> **WHAT NEEDS TO BE DONE**
Find the line below with "Page 13 of Chapter 18.1". Print it and every line after it exactly, through the last line, leaving out the pictures.
==== AVAILABLE DATA
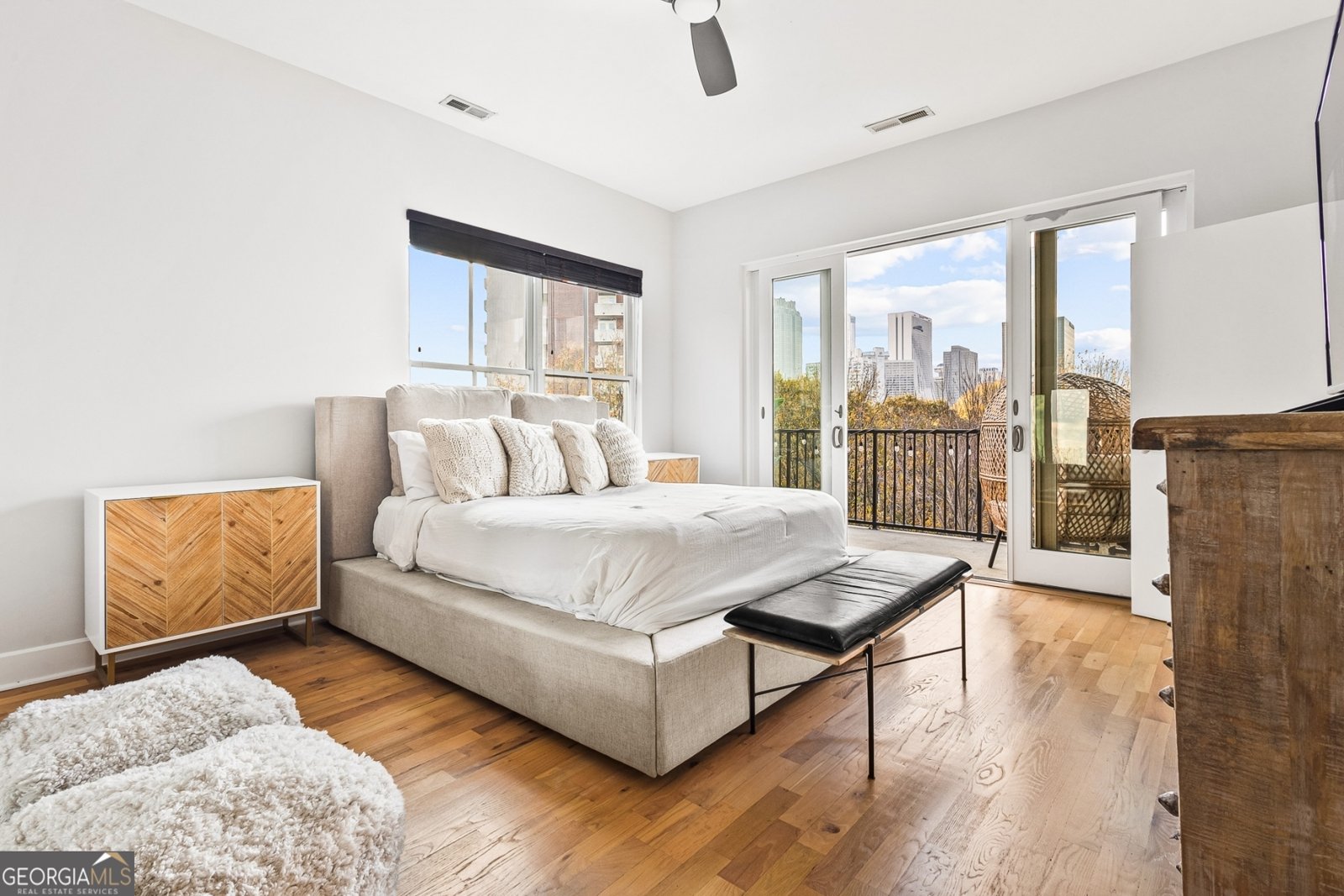 384 Ralph McGill Boulevard Atlanta - Photo 14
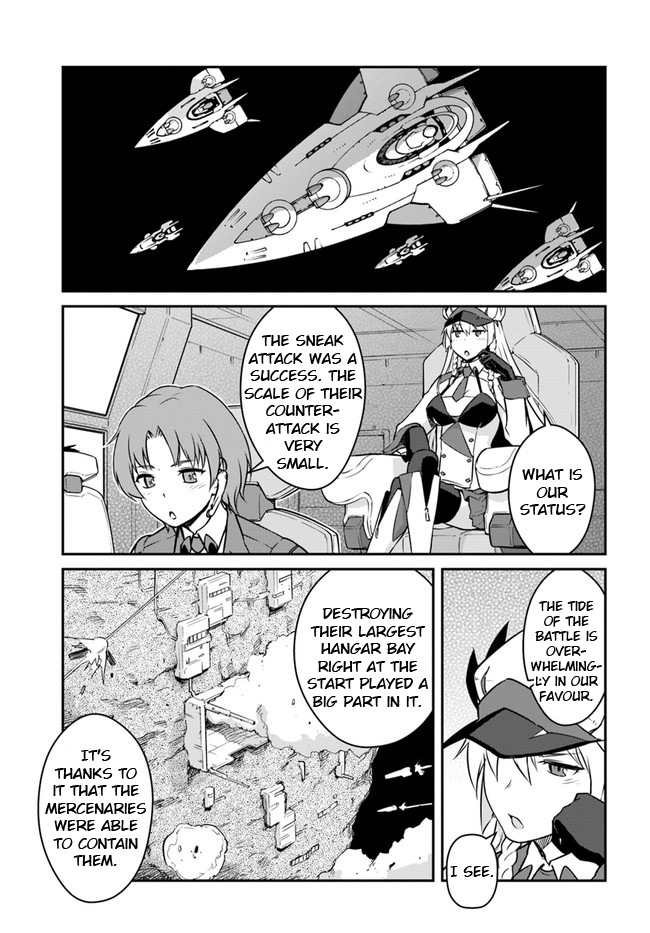 Page 13 of Chapter 18.1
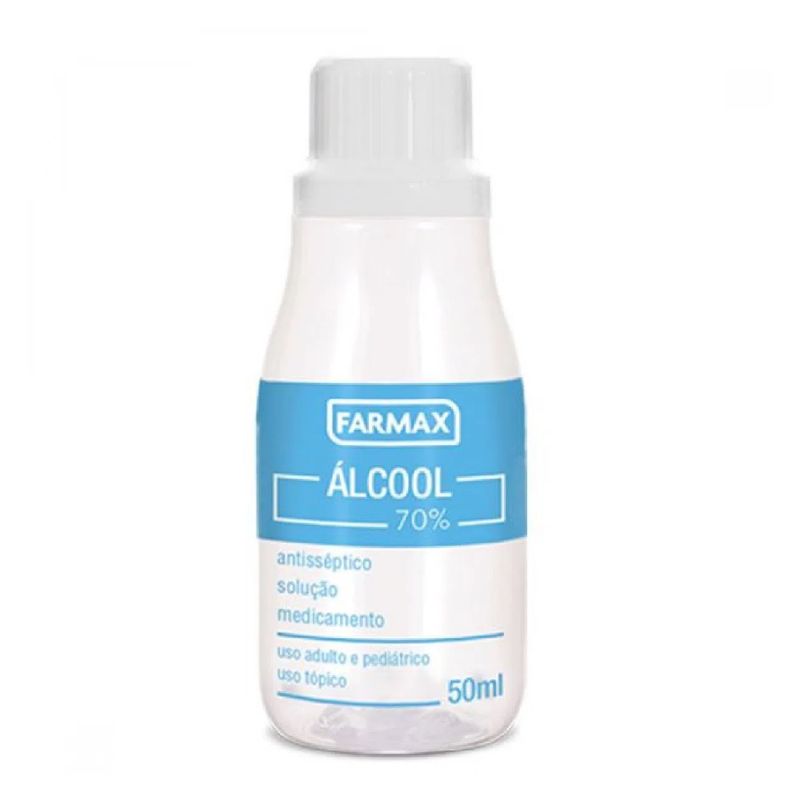 ALCOOL-70--FARMAX-50ML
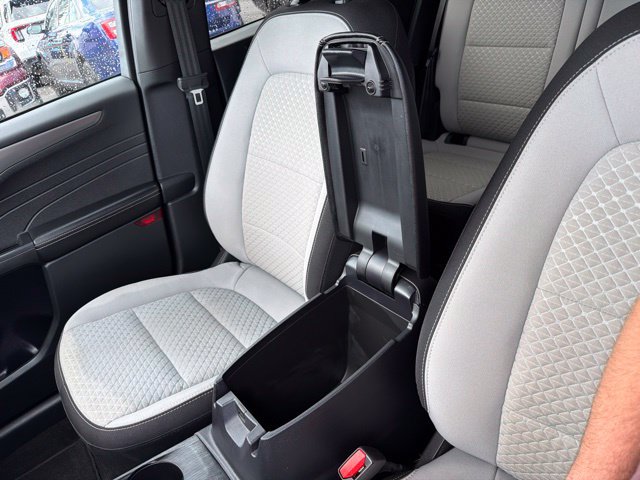 Used 2023 Ford Escape Active AWD/4WD image 26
========
> **RESPONSE TO THIS EXERCISE**
 Page 13 of Chapter 18.1
 ALCOOL-70--FARMAX-50ML
 Used 2023 Ford Escape Active AWD/4WD image 26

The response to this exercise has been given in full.